First generation worked. Three issues caught:

  1. File saved to cache directory, which the OS deletes whenever it feels like. Should have been document directory.
  2. No loading indicator; on 100+ entries it took 3 seconds and looked like the app froze.
  3. With zero entries it crashed instead of showing a "nothing to export" message.

Three follow-up prompts, three fixes. Tested with 0, 5, and 100 entries. All worked.

35 minutes total. By hand, this is closer to 90 minutes once you've fought with FileSystem paths.


6. Production crash debug, 5 minutes

A real bug report two days after shipping: "App crashes when I open Settings." Crash log: TypeError: Cannot read property 'name' of undefined.

The prompt was minimal: paste the crash log, paste the component code, describe the trigger flow. Ask the AI to find the bug.

It found it instantly: the screen read user.name, but for users who hadn't set a name, user was undefined. Fix: optional chaining, user?.name || 'Set your name'.

5 minutes from report to fix. Pushed update to Play Store. 20 minutes from user complaint to deployed patch.

The pattern: AI is excellent at debugging when you give it three things, the error, the code, and the reproduction steps. Take any one out and quality drops fast.


7. The vague prompt that wasted twenty minutes

The ask: "Add a chart to show balls lost over time."

The AI picked a charting library that wasn't installed, generated code with API calls that didn't match anything in the project, populated the chart with random data, and labeled the axes in Spanish for reasons nobody could later explain.

The fix wasn't a better model. The fix was rewriting the prompt to be specific: use react-native-chart-kit, LineChart component, data source is the rounds array with {id, date, ballsLost} shape, x-axis is round number, y-axis is balls lost, last 10 rounds only, line color red, exact data format spelled out.

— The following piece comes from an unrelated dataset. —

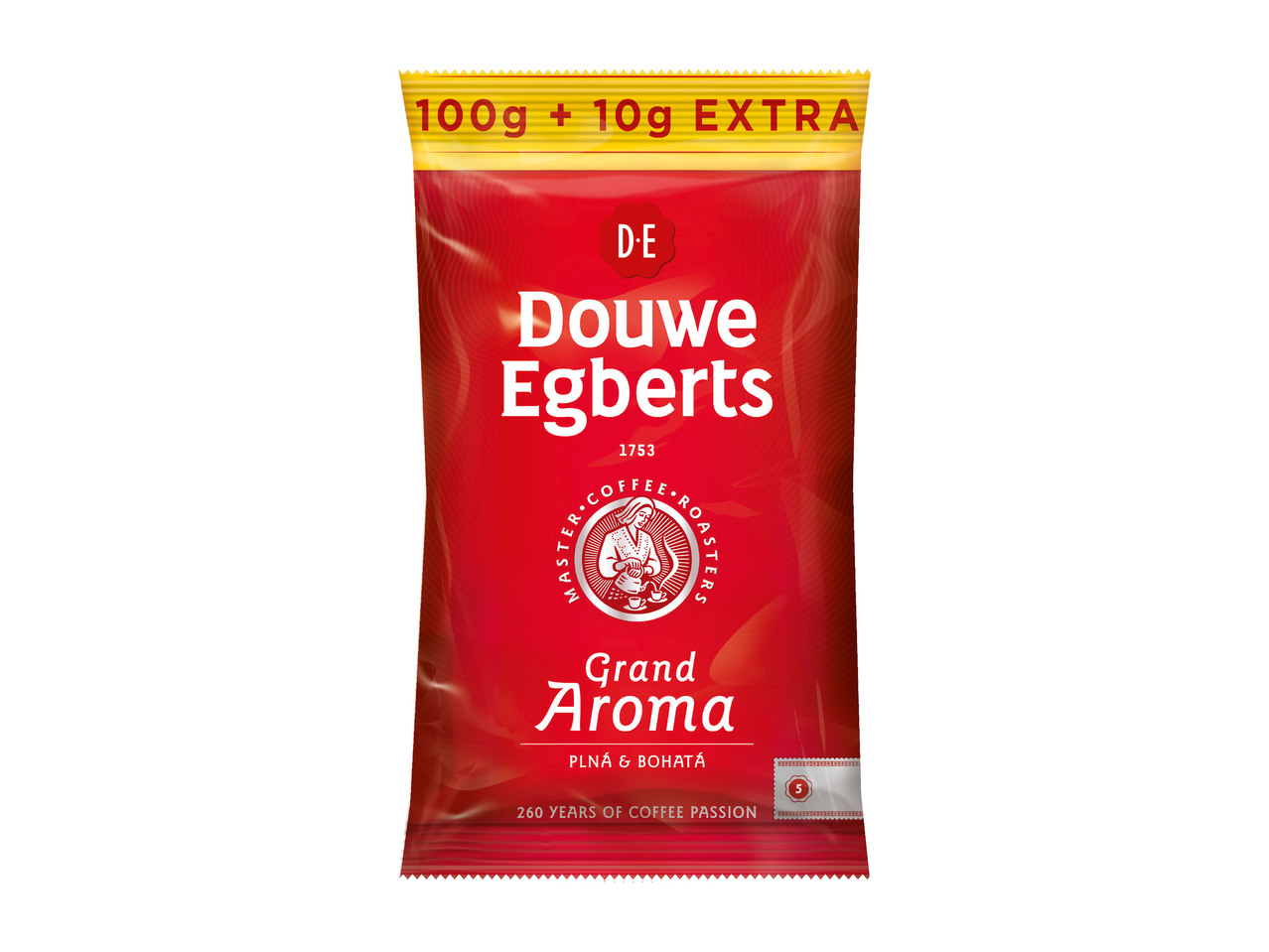 DOUWE EGBERTS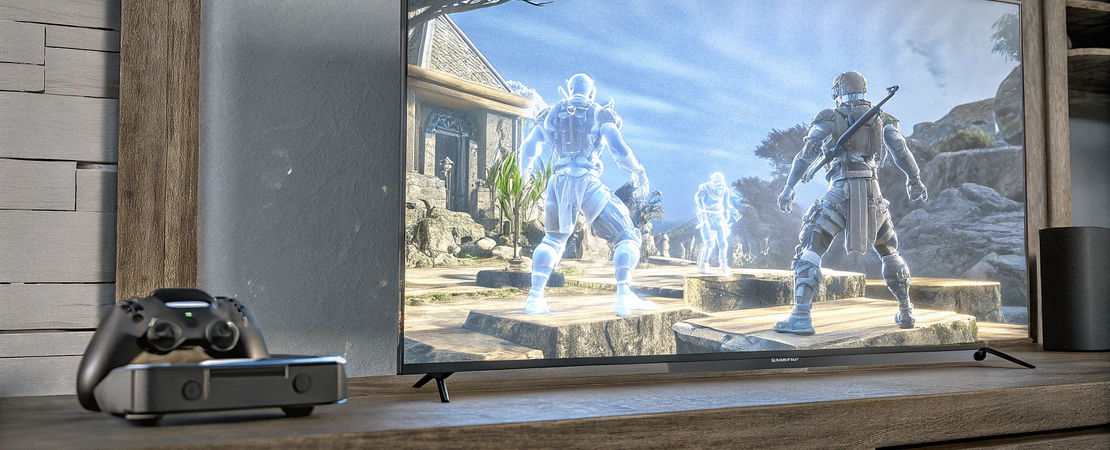 Die Rolle von KI in modernen Videospielen: Innovation und Zukunft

Second generation worked first try. 8 minutes.

The total cost of the vague prompt: the 8 minutes for the right one, plus the 20 minutes of confusion before it, plus the energy of realizing the output was unusable. Vague prompts don't save time. They move time from the writing step to the debugging step, with interest.


What the time data actually says

Feature First attempt Iterations Total Manual estimate
Todo home screen 10 min 2 min 12 min 45 min
AsyncStorage 12 min 3 min 15 min 30 min
Notifications 15 min 13 min 28 min 60 min
Excel export 20 min 15 min 35 min 90 min
Bug fix 5 min 0 5 min 20 min
Chart (specific) 3 min 5 min 8 min 40 min

Average: 3-4x faster than manual. That's the headline number people quote.

The number people don't quote: 15% of generated code had to be rewritten on review. Every project shipped with bugs caught before users saw them; only a couple minor UI issues slipped through. The 4x stayed because the review and test steps stayed in.

If you skip review and test, you're not faster. You're shipping bugs at machine speed and paying for it later in support and patches.


The pattern across all seven

The prompts that worked specified everything the AI could have guessed wrong: the data shape, the package, the styling values, the edge cases. The prompts that failed left those decisions to the model.

The bug that reached users came from the same cause every time: someone trusted "Done" without re-reading the diff or running the result.

The thing that saved real time was always the same: a tight loop of write specific prompt, generate, read every line, run it, commit. Repeat for the next small thing. Don't batch. Don't trust. Don't skip the read.

That's the entire workflow, in seven examples.